Re-evaluating sarcoplasmic reticulum function in heart failure

To the editor

Heart failure presently afflicts an estimated 5 million Americans with a 4 year mortality rate approaching 50% (ref. 1). The failing human heart transitions into a dilated state characterized by ventricular remodeling, collagen deposition and reduced contractility. The molecular etiology of this phenotype is closely associated with reduced calcium transients and prolongation of diastolic calcium re-sequestration leading to decreased cardiac contractility². Critical intracellular regulators of calcium cycling within cardiac myocytes are the sarcoplasmic reticulum associated calcium ATPase pump, SERCA2, and its negative regulator phospholamban (PLB). The deterioration in calcium cycling characteristic of the failing human heart has been largely associated with a reduction in SERCA2 activity resulting from reduced protein concentrations or from enhanced inhibition mediated by PLB (ref. 2). Indeed, targeted ablation of PLB in the mouse allows unrestricted SERCA2 activity resulting in a dramatic increase in baseline calcium cycling and enhanced contractility in the unstimulated state².

A recent study by Minamisawa et al. used PLB knockout mice to investigate the causality between reduced SERCA2 activity and the initiation and propagation of dilated cardiomyopathy³. Ablation of the PLB gene was sufficient to rescue the dilated cardiomyopathic phenotype of the muscle lim protein (MLP) knockout mouse³. This observation suggested that dilated cardiomyopathy can be rescued by enhancing intracellular calcium cycling and that deterioration in calcium handling kinetics play a primary role in the pathogenesis of heart failure.

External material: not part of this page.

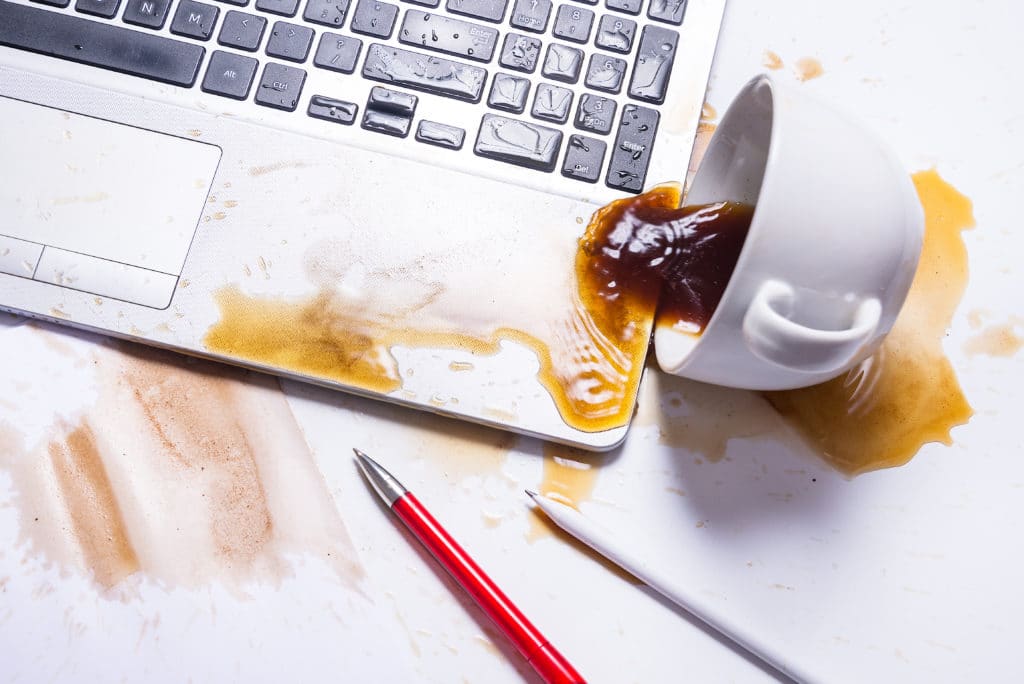 Spill,coffee,on,a,computer,keyboard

In contrast, our recent studies indicate that this postulate may not extend to all forms of dilated cardiomyopathy. Using a similar approach, we crossed PLB knockout mice with transgenic mice over-expressing the sarcomeric structural protein tropomodulin⁴. The tropomodulin over-expressing transgenic (TOT) mouse model of dilated cardiomyopathy shows many characteristics of human heart failure^4,5. We observed that disruption of the PLB gene failed to rescue the overt dilated phenotype of TOT mice (Fig. 1a), nor did it rescue the increase in heart-to-body weight ratio characteristic of the TOT phenotype (Fig. 1b). Last, ablation of the PLB gene also failed to rescue juvenile lethality associated with tropomodulin over-expression, as 9 of 21 mice died by 28 days of life, comparable with reported levels of TOT mortality⁵.

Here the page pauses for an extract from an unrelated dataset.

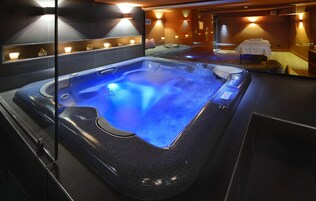 Un moderno spa con piscina azul climatizada, camilla de masaje e iluminación ambiental.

Figure 1: a, Hematoxylin and eosin-stained histological sections demonstrate dilated cardiomyopathy induced by the tropomodulin transgene (TOT) which is not rescued by phospholamban ablation (PLB).

Animals were analyzed at 22 days after birth, although phenotypic analysis at day 18 or 28 also failed to demonstrate any protective effect of PLB ablation. b, PLB ablation failed to protect TOT mouse hearts from increased heart-to-body weight ratio associated with the dilated cardiomyopathy. ^*P< 0.05 versus PLB^+/+

These data indicate that augmented calcium cycling may not benefit all forms of heart failure, especially if impaired intracellular calcium cycling is not associated with the end phenotype. Indeed, cardiac myocytes from TOT mice are actually characterized by enhanced calcium transients, despite the dilated cardiomyopathic state⁵. Minamisawa et al. proposed that PLB ablation rescued the pathology associated with the MLP gene disruption by a mechanism involving augmented calcium cycling resulting in greater cardiac contractility and reduced ventricular wall stress. This interpretation is further supported by the results of Rockman et al. in which enhanced contractility mediated by the βARKct transgene rescued certain aspects of the cardiomyopathic MLP phenotype⁶. Collectively, these data suggest that enhanced intracellular calcium cycling and the associated increase in cardiac contractility may benefit certain forms of heart failure. Our results, however, suggest that augmentation of cardiac calcium cycling may not benefit all forms of dilated heart failure. These results also underscore the potential complexity of associated molecular defects that may underlie human heart failure.